Across these entries, count the lines holding the string "White"; the number is the whole answer.

= Input data =
==================================================

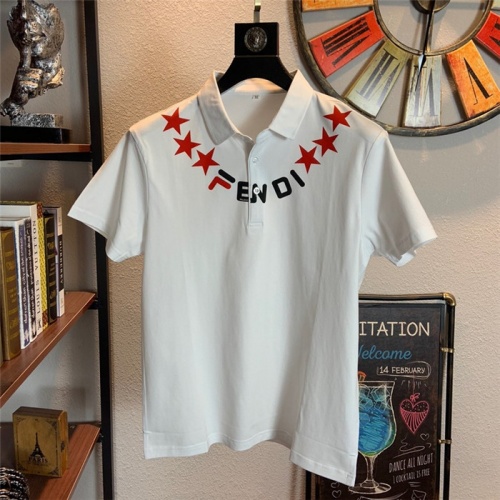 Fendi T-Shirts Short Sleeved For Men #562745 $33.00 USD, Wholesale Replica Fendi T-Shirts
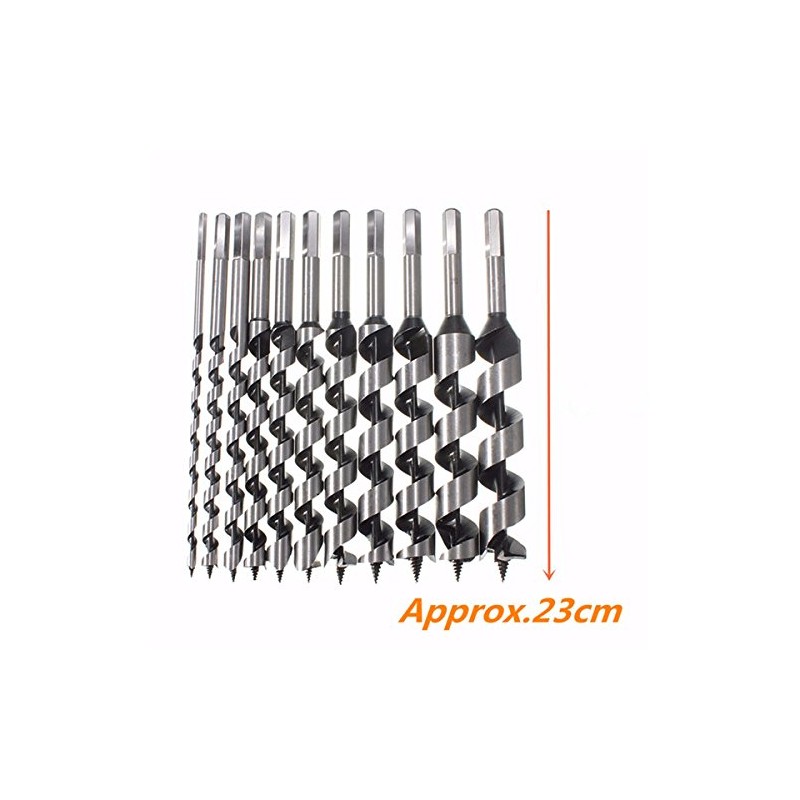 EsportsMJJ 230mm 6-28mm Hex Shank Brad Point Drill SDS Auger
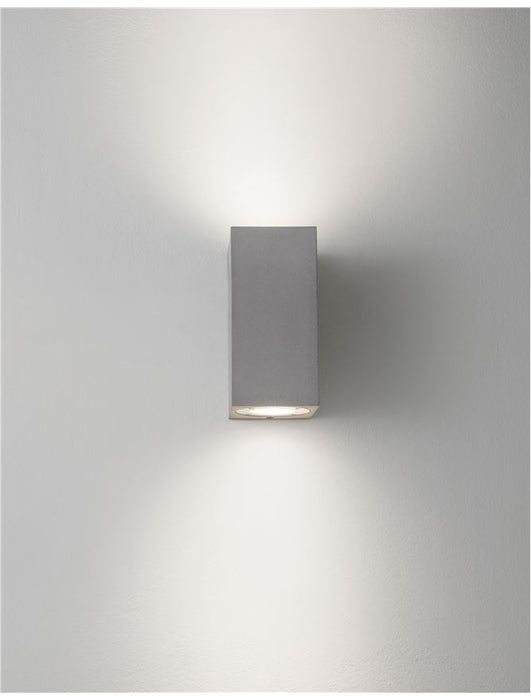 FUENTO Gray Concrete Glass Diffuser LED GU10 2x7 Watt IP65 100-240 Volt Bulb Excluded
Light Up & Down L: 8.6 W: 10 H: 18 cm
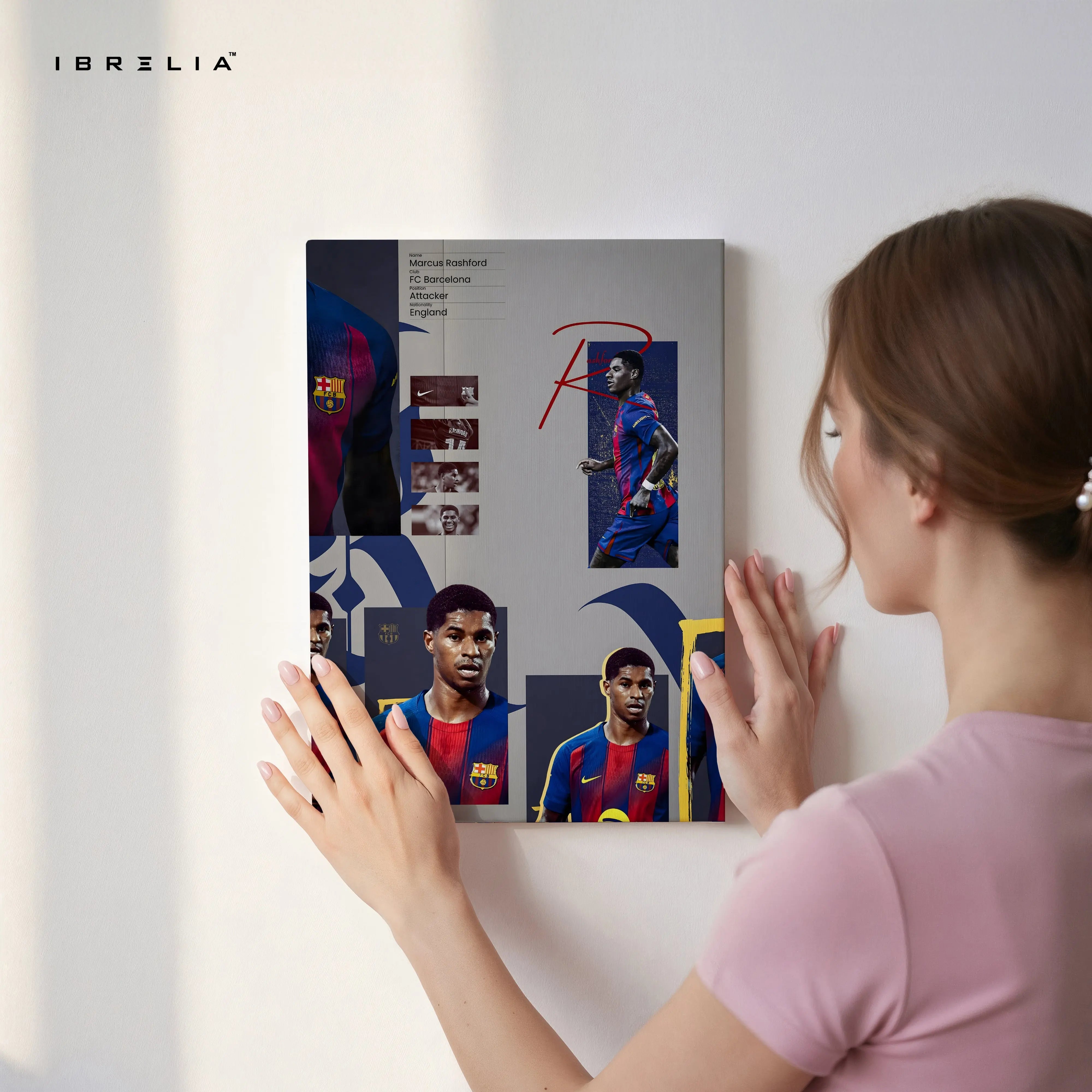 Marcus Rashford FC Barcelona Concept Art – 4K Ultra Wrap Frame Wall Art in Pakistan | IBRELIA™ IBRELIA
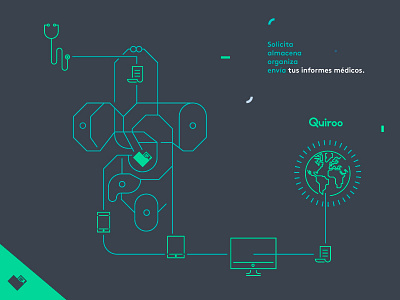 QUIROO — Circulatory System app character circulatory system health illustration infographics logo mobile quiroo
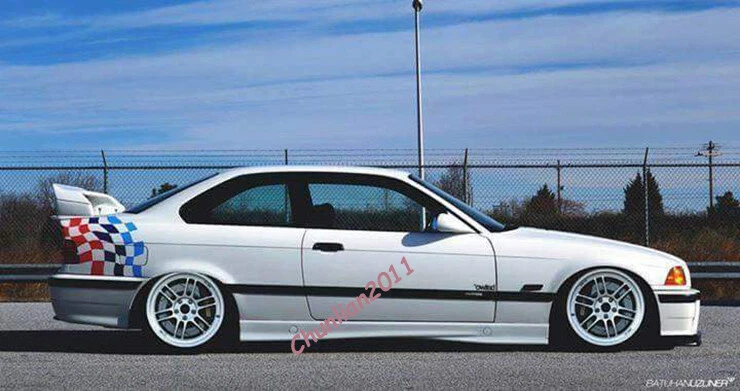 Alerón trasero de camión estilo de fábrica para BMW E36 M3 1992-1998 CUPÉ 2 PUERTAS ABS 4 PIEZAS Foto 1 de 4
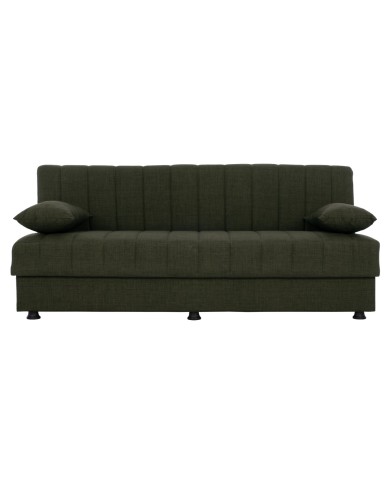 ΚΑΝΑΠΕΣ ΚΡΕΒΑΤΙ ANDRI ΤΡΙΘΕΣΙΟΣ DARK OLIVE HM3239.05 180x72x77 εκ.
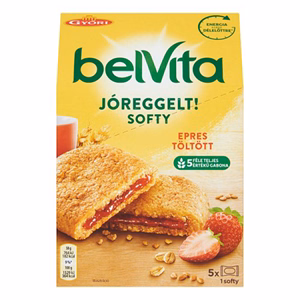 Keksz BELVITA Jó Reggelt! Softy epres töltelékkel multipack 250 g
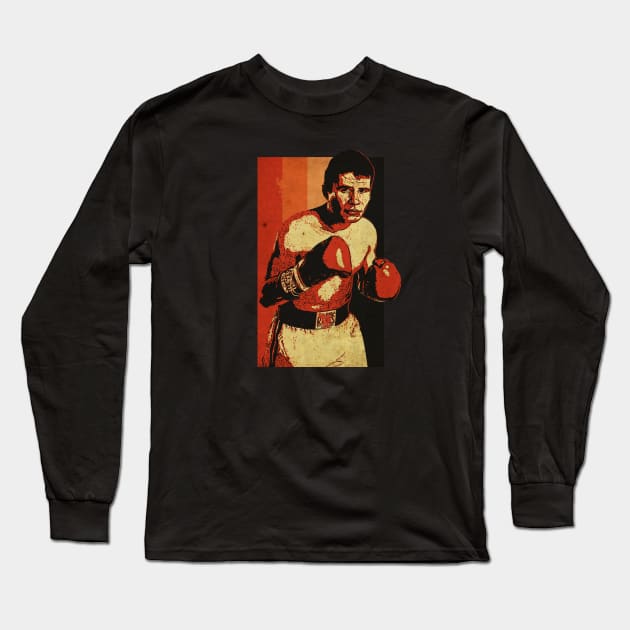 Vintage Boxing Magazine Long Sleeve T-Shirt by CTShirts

==================================================

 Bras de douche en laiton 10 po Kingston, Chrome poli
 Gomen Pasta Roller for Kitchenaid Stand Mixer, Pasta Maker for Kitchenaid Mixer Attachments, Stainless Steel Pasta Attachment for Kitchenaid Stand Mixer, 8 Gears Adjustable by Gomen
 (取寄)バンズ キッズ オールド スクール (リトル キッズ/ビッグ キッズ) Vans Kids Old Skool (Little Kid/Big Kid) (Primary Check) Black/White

==================================================

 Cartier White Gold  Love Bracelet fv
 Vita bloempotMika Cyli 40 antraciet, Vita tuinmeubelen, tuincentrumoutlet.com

==================================================

= Written solution =
2